Sampled training features shape: (20000, 1000)
Sampled training labels shape: (20000,)


In [9]:
# Logistic Regression 訓練
from sklearn.linear_model import LogisticRegression
from sklearn.metrics import accuracy_score, f1_score

clf = LogisticRegression(C=0.1, max_iter=1000)
clf.fit(train_features_sampled, train_labels_sampled)

# 預測測試集
preds = clf.predict(valid_features.numpy())

# 計算準確率
accuracy = accuracy_score(valid_labels.numpy(), preds)
print("Validation Accuracy: {:.4f}".format(accuracy))

# 計算 Macro-average F1
macro_f1 = f1_score(valid_labels.numpy(), preds, average='macro')
print("Macro-average F1 Score: {:.4f}".format(macro_f1))

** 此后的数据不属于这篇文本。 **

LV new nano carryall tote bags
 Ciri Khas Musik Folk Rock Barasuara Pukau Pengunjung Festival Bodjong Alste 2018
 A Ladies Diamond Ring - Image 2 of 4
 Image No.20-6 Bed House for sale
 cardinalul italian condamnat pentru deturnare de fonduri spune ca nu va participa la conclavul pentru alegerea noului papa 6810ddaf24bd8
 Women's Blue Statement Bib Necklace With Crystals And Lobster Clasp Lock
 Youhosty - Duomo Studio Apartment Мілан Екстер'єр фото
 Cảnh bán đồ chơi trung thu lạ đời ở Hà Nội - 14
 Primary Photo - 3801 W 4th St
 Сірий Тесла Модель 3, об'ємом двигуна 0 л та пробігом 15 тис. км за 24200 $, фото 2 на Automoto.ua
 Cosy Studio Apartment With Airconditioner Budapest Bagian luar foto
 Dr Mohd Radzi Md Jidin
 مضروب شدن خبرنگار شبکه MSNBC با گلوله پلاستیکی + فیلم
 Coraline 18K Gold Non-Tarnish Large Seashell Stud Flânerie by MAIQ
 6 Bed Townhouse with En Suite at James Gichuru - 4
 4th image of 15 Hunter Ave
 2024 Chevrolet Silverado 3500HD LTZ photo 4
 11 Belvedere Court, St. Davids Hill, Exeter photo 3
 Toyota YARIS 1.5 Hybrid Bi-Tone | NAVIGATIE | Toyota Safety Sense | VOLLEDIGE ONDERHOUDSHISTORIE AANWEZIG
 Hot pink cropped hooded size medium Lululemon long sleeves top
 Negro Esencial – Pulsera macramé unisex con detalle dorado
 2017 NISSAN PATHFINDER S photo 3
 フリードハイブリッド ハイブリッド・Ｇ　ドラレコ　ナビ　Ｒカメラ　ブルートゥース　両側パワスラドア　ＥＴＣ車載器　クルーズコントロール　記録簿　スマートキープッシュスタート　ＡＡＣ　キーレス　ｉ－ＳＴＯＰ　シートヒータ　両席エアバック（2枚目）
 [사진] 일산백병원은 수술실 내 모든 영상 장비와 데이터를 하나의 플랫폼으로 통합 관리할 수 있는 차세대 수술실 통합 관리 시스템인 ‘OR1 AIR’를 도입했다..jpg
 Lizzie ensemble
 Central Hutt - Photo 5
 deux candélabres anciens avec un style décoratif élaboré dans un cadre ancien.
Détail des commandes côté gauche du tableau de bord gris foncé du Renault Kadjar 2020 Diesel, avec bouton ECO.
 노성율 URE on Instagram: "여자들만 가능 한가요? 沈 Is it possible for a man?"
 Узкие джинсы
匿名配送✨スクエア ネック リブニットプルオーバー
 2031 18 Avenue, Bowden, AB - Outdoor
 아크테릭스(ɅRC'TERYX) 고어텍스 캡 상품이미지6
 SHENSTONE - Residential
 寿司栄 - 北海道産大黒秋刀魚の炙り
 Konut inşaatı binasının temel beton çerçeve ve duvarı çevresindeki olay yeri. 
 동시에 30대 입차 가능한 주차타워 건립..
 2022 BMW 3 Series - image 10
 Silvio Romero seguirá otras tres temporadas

Validation Accuracy: 0.5598
Macro-average F1 Score: 0.5567


### **第二題**
2048維的影像辨識

In [12]:
from torchvision.models import resnet50
import torch

# 移動模型到設備
device = torch.device('cuda' if torch.cuda.is_available() else 'cpu')
model = resnet50(weights="IMAGENET1K_V2")
model = torch.nn.Sequential(*(list(model.children())[:-1]))  # 移除 'fc' 層
model = model.to(device)  # 確保模型在 GPU 上
model.eval()

# 特徵提取函數
def extract_features(loader, model, device):
    features = []
    labels = []
    with torch.no_grad():
        for inputs, targets in loader:
            inputs = inputs.to(device)  # 確保輸入在 GPU 上
            outputs = model(inputs)  # 提取特徵
            features.append(outputs.view(outputs.size(0), -1).cpu())  # 展平成 (batch_size, 2048)
            labels.append(targets)
    return torch.cat(features), torch.cat(labels)



In [13]:
train_features, train_labels = extract_features(trainloader, model, device)
print("Train features shape:", train_features.shape)  # (20000, 2048)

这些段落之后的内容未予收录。